10 Eylül 2011 Cumartesi

Hasrete veda etti ol hüsn-i hilkat ehl-i hal

Hasrete veda etti ol hüsn-i hilkat ehl-i hal
Alem-i ervaha uçtu dünyada görmek muhal

    Bu alemden göçenler, ya alem-i berzahta, ya da alem-i ervahta yani ruhlar alemindedirler. Berzah alemi ile ruhlar alemi aynı yer / mekan olup, hitapları farklıdır, fakat bu farklılık kemalat itibariyledir. Alem-i berzahta eğlenenler ehl-i nefstir. Bunlar hakkında hadis-i şerifte “Sizin kabirleriniz ya cennet bahçelerinden bir bahçe, ya cehennem çukurlarından bir çukurdur.” buyrulmuştur. Başka bir hadiste ise Hz. Peygamber Efendimiz “Siz nasıl yaşarsanız öyle ölürsünüz. Nasıl ölürseniz öyle haşrolursunuz.” diyor. İşte bir kimse bu alemde yaşarken iyilik vasfı kazanmış olarak berzaha, yani kabir alemine intikal ederse, Hz. Peygamber’in cennet bahçesi dediği Ala-yı İlliyyin’de, hoşluk ve rahatlık içinde nefsiyle kıyameti bekler ve haşrolur. Fakat bir kimse bu alemde yaşarken kötülük üretip, kötü bir vasıf kazanır da, kötü vasıfla alem-i berzaha intikal ederse, Hz. Peygamber’in cehennem çukuru dediği, Siccin’de rahatsızlık ve azap içinde, nefsiyle kıyameti bekler ve haşrolur. Alem-i ervaha, yani ruhlar alemine göçenler ise “Ölmeden evvel ölüp” de, daha bu alemde nefsin hevasından kurtulup, fena-yı tam irfaniyetiyle ruha mensup olanlardır. Ruha mensup olan kulda gayriyet olmadığı için gerek bu alemin, gerekse berzah aleminin varlığı, ona perde olmaz ve onu vahdetten ayırmaz. Çünkü ruh ikilik kabul etmeyen ‘Bir’lik yani vahdettir. Ruha mensup olan, cümle alemlerde hiç bir mekanla kayıtlı olmayıp, ancak Hak’la kayıtlıdır. Vesselam.
Bir kimse ikilikten kurtulamayıp gizli şirkle yaşarsa, o ehl-i nefstir. Ve bu alemden sonra o, berzaha nefsiyle intikal eder. Fakat bir kimse daim zikir uyanıklığı ile tevhid mertebelerinin keşfi irfaniyetine ulaşırsa o, daha bu alemde ruha mensup olur. Ruha mensub olan bir kulun bedeni bu alemden ayrılsa da o, ruhlar alemindedir, yani alem-i ervahtadır ve cümle alemlerde vahdet hal ve zevki ile yaşar. Bunu beyanla “İyi yaratılışlı, geçimli ve ruha mensub olup, kendini özleten yüce şahsiyet, ervah alemine uçtu, yükseldi. Dünyada yani bu alemde artık onun suret ve bedeni görünmez.” buyruluyor.                                                                                                                                                      

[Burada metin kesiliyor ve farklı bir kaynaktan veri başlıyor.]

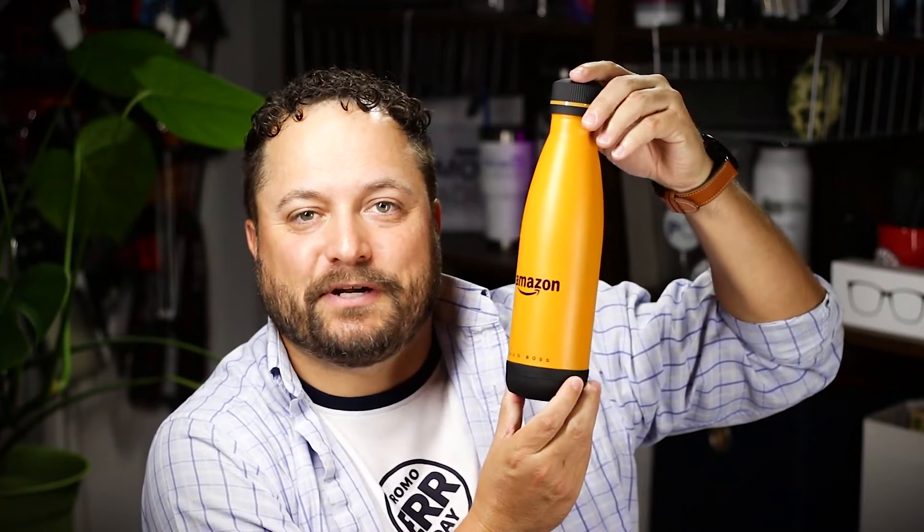Thanks for watching our quick little video on the Hugo Boss Matrix Bottle from Saint Regis. Make sure you go to promocorner.com so that you can find some products that you or your customer can use every day.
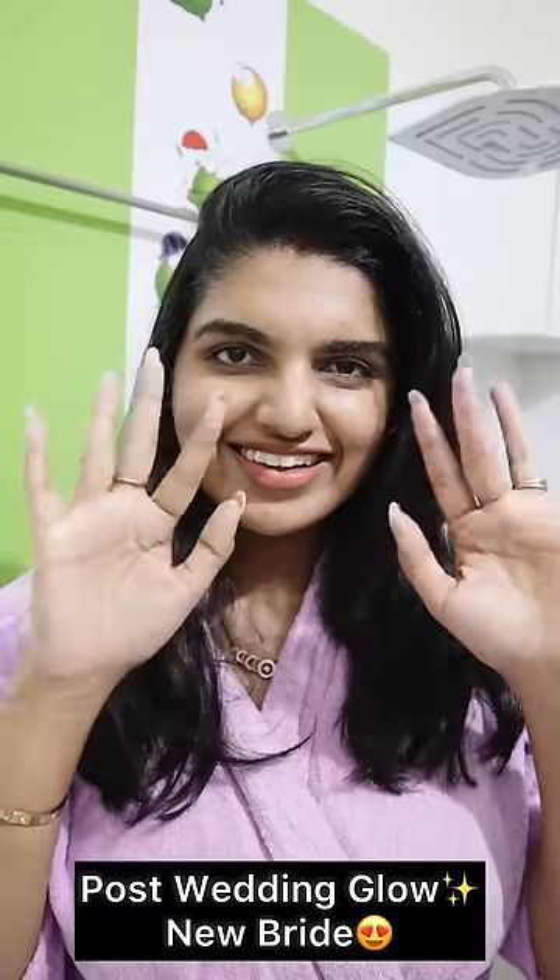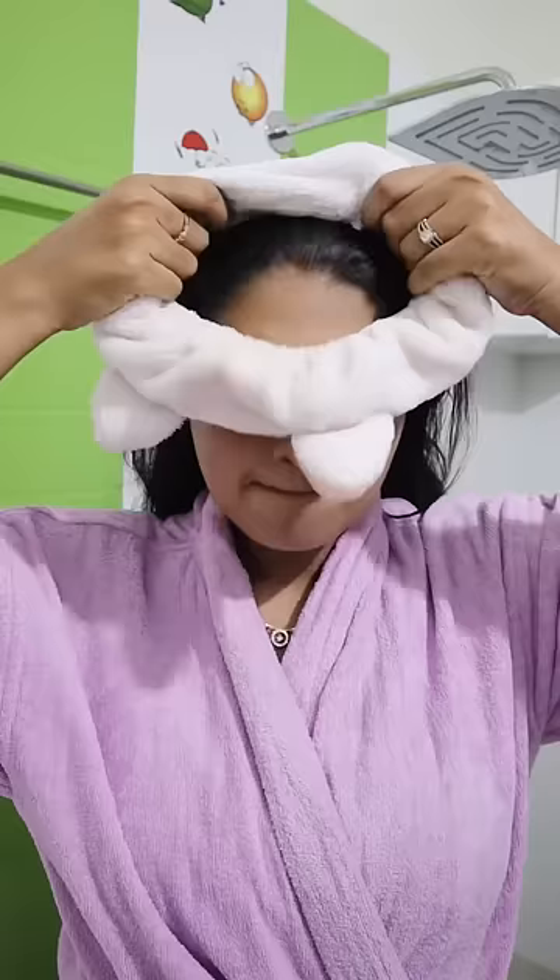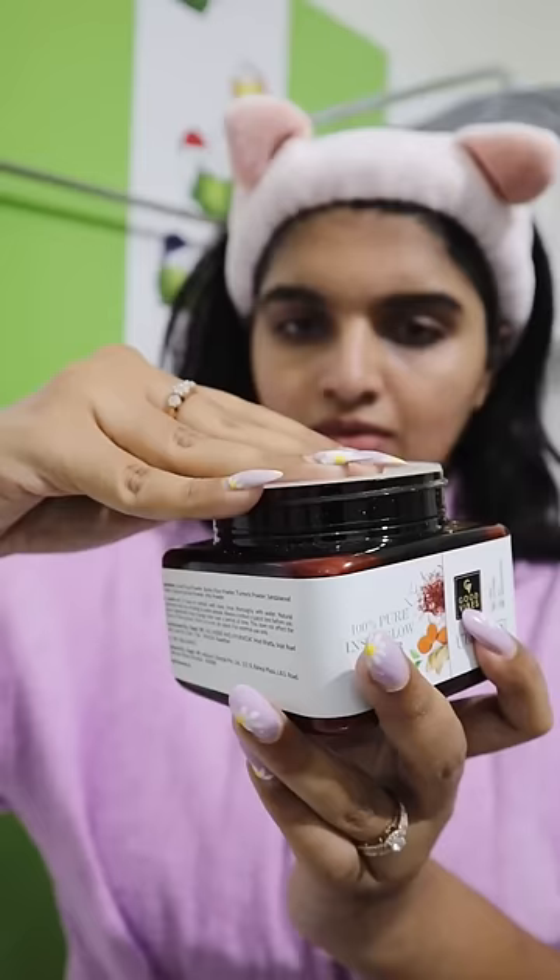Hey guys, welcome back to one more skincare episode and this is my post-wedding glow as a new bride. I finally got some time for skincare and first I'll share a face pack — it's from Good Vibes and Mata. Good Vibes Uptan 100% Pure Instant Glow Powder.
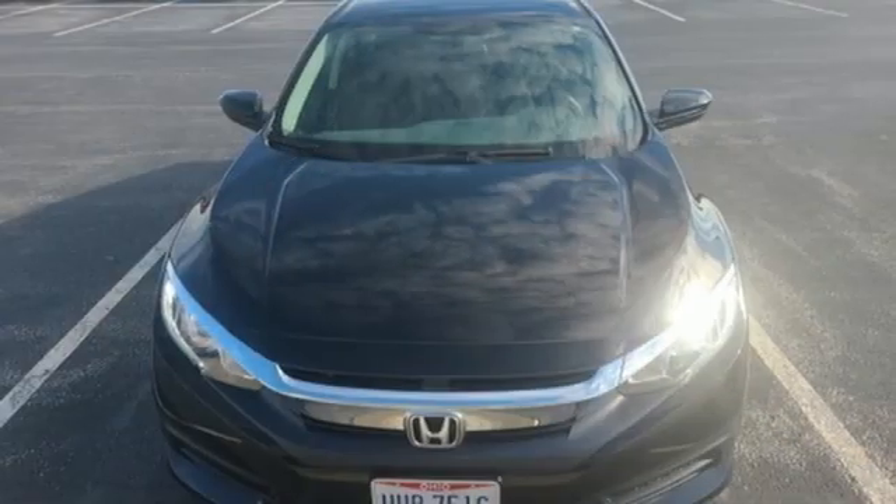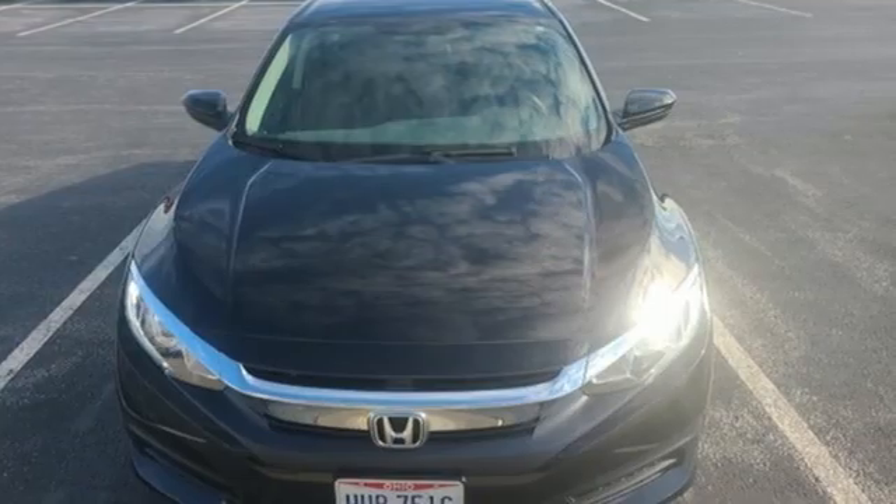Every Honda's designed with the driver in mind. The time is now. See it for yourself today.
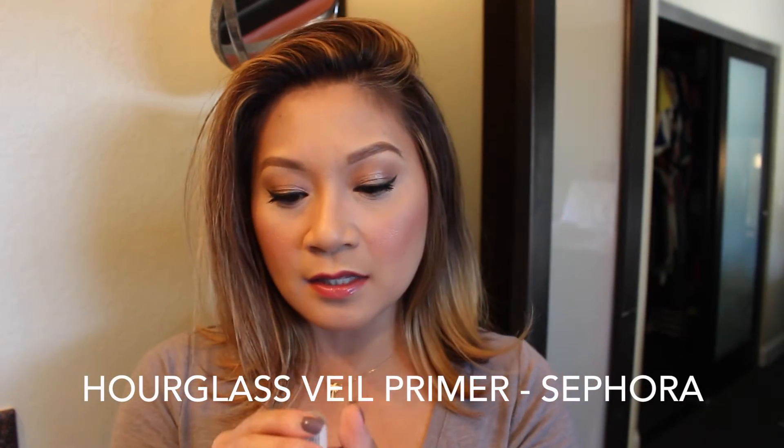The next face product I've been loving is the Hourglass Veil Mineral Primer. It has SPF 15, and I only got this size because this one is a tiny little size — it is the 0.30 fluid ounces — and I love it because of the pump. I tend to use two pumps of it because I feel like it does better for my skin that way, but I absolutely love it. I will repurchase the bigger size unless another primer catches my eye on YouTube or at Sephora.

Evlad-ı Gavs Muhammed Nur’dur onun şöhreti
İsmi Hakkı idi Hakk’a eyledi azm-i visal

Pir Seyyit Muhammed Nur Hazretlerinin torunu olup, Hakkı Baba olarak bilinen Arifibillah, insan-ı kamil olan muhterem şahsın, bu alemden Hakk’a yürüdüğü ve Hakk’a kavuştuğu beyan ediliyor.
Peki ehl-i kemal bu alemde Hakk’a vasıl oldukları halde nasıl oluyor da, onun bu alemden geçmesi Hakk’a vuslat olarak değerlendiriliyor? Diye sorulsa, şöyle cevap veririz:
Cümle ehl-i irfan ve ehl-i kemal, bu alemde tevhid-i hakiki irfaniyetiyle Hakk’a kavuşmuşlardır ve Hak’tan gayrı görmezler. Fakat kul, suret ve beden varlığıyla, tabiat aleminde olduğu müddetçe, bu alemin tesiri, suret, beden varlığıyla devam eder. Ehl-i kemal, bu alemde kaldığı ve yaşadığı sürece, beşeri tesirlerden, yani sıcaktan, soğuktan ve hastalıklardan vb. etkilenir. Hiç bir beşer olan kul, bunun haricinde değildir. Bu itibarla ister peygamber, ister veli olsun herkes suret, beden varlığıyla, bu şahadet aleminde tabiatın tesirindedir. Fakat cahiller bu tesir ve tecellilere vücut nispet ettiği için, bu tesir ve tecelliler, cahillerin Hakk’ı görüp Hakk’a kavuşmalarına engel, perde olur. Ehl-i kemale ise, bu tesir ve tecelliler perde olmadığından onları Hak’tan alıkoymaz ve ayıramaz. İşte kamil bir kul, izdirari ölümle bu beden varlığından ayrılmasıyla, tabiat tesirlerinden de kurtulup meratib-i ilahi keşfi marifetiyle bu alemde kavuştuğu Rabbiyle cümle alemlerde var olur. Velhasıl ehl-i kemalin bu alemden geçmesine ‘Hakk’a vasıl oldu’ denmesindeki maksat, ehl-i kemalin, suret, beden varlığıyla şahadet alemindeki tabiat tesirlerinden de kurtulup, vasıl olduğu Hakk’ın mevcudiyetiyle her yer ve alemlerde var olmasıdır. 
Allah, her şeyi en iyi bilendir.

Sır olup alem gözünden rıhlet etti vahdete
Zikr ü fikr ile müzevvak asla etti insilal

Hakkı Baba Hazretleri, bu alemden zikrullah ve fikrullah ile zevklenmiş bir kullukla, gizlice alem-i ervaha, yani vahdete göçüp yürüdüğü için, bu alemde unsur, yani beden varlığıyla sır olup görünmez.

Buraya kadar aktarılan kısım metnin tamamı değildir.